On OS X El Capitan this appears to have no effect; even ulimit -m 1 (limiting all programs to just 1kB of memory!) is ineffective.

How can I set an upper bound on the memory available to a particular process?

Best Answer

There are two approaches to constraining your memory usage: Ex post facto, and preemptive. That is to say, you can try to kill your program after it has gotten too large, or you can program it not to get too large in the first place.

If you insist on the ex post facto approach, you can use the following Bash script. This script first finds the amount of memory (as defined by "resident set size") the process with processid pid is using, filters out all non numerical data using grep, and saves the amount as variable n. The script then checks if n is greater than your specified x. If it is, the process with processid pid is killed.

Please note:

  1. You must replace <pid> with the process id of your program.
  2. You must replace <x> with the rss = "resident set size" (ie real memory size) you don't want the program to exceed.

n=$(ps -<pid> -o rss | grep '[0-9]') if [ $n -gt <x> ]; then kill -9 <pid>; fi

If you want this to run every y seconds just inclose it in a loop, and tell it to wait for y seconds after every iteration.
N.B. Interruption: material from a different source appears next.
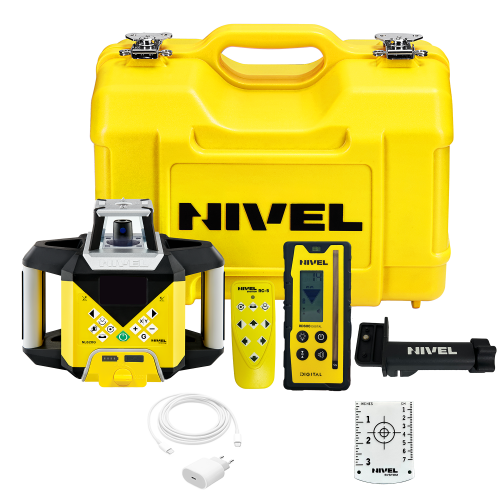NL620G_set (1).png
You could also write a similar command using top. Your starting point would be top -l 1|grep "<pid>"|awk '{print $10}'.

@kenorb's answer helped me with my script


While I believe that answers the question, in the long run I believe it is better programming design to take a preemptive approach using manual memory allocation.

Firstly, are you sure the memory usage is really a problem? The Go documentation states:

The Go memory allocator reserves a large region of virtual memory as an arena for allocations. This virtual memory is local to the specific Go process; the reservation does not deprive other processes of memory.

If you still think you have a problem, then I encourage you to manually manage your memory as is done in the C programming language. Since go is written in C, I suspected there would be ways to get into the C memory management/allocations, and indeed there are. See this github repository which,

allows you to do manual memory management via the standard C allocator for your system. It is a thin wrapper on top of malloc, calloc and free from . See man malloc for details on these functions for your system. This library uses cgo.

The use case is given as:

Why would you want this?

When a program is causing memory pressure or the system is running out of memory it can be helpful to manually control memory allocations and deallocations. Go can help you control allocations but it is not possible to explicitly deallocate unneeded data.

This seems like a better long term solution.